Red Hat Research Quarterly

Meet Perun: a performance analysis tool suite 

about the author

Jiří Pavela

is a PhD student at Brno University of Technology, Faculty of Information Technology, working under the supervision of Prof. Tomáš Vojnar and Assoc. Prof. Adam Rogalewicz as part of the VeriFIT research group. His research, supported by Red Hat, focuses on efficient software profiling, instrumentation and performance testing, as well as worst-case performance analysis of real-time safety-critical or mission-critical software.

about the author

Tomáš Fiedor

is currently a researcher at Oracle Labs, specializing in static and dynamic performance analysis and benchmarking. Previously, he was a member of the VeriFIT group at the Brno University of Technology, Faculty of Information Technology, and is the primary author of the Perun tool.

about the author

Jiří Hladký

leads the Kernel Performance Engineering Group at Red Hat, based in Brno, Czechia. With 15 years of experience in performance engineering, he specializes in benchmarking and optimizing the Linux Scheduler for RHEL. His work focuses on ensuring that kernel performance meets the demands of enterprise workloads.

about the author

Tomáš Vojnar

is the head of the Department of Computer Systems and Communications at the Faculty of Informatics of Masaryk University in Brno, Czechia. Prior to this appointment, he was Vice Dean for Science and Research at the Faculty of Information Technology of Brno University of Technology, where he continues to be involved in research projects.

Article featured in

How do you turn a research project into an industry tool? Learn how the creators of Perun built a better performance analysis toolkit then brought it from academia to real-world implementation.

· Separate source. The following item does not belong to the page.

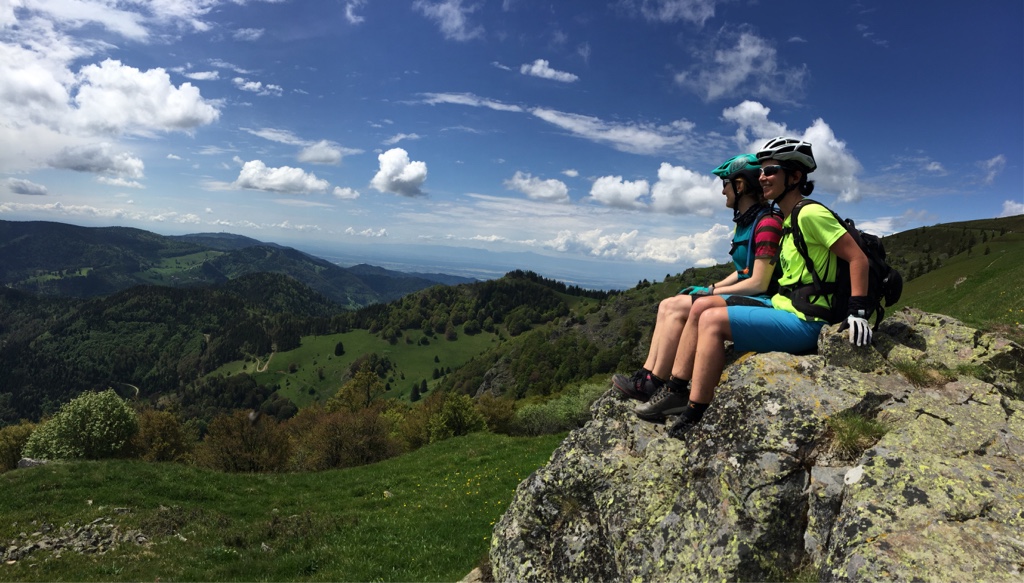 beitune 4 Tage Schwarzwald pur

Everyone has a horror story about poor performance in a continuously evolving product. Managing the performance of reasonably complex software is simply a difficult task. With large software systems, things get even more entangled. The Linux kernel, web browsers, operating systems, or databases—these code bases all exceed millions of lines of code. The Linux kernel, in particular, has been developed for several decades by tens of thousands of developers, and it has a constant stream of new kernel versions every day, both in the upstream and in the distribution-specific branches, such as Red Hat Enterprise Linux (RHEL).

This article introduces Perun, an open source, lightweight Performance Version System that tracks performance profiles corresponding to different versions of underlying projects. Perun began in 2016 as a project at the Brno University of Technology with a small team of researchers aimed at developing a performance analysis tool suite to help performance engineers and developers working on complex user-space software. In 2023, the BUT team joined forces with Red Hat Research to enhance Perun with kernel-space analysis capabilities.

Perun is basically what every performance engineer needs in one place: tools for measuring metrics, storage of results, interpretations of performance data, and a link between performance results and different versions of a software project. Perun is designed to support a variety of architectures and workflows. In this article, we will describe how we worked with the Red Hat Kernel Performance Engineering Team in Brno, responsible for RHEL kernel performance, to develop Perun further. However, this is merely one use case, and we encourage others to try Perun.

Why Perun?

Whenever a new RHEL or ELN kernel version passes functional testing, the performance team has to evaluate its performance, and they have to do it quickly. The evaluation is based on running a set of benchmarking suites on new kernel versions and then analyzing potential performance changes compared to previous versions. The goal is to locate drops in performance and the root causes of these drops. Much of this process involves manual inspection and comparison of performance data, metrics, statistics, and other reports (e.g., the flame graphs invented and popularized by Brendan Gregg). 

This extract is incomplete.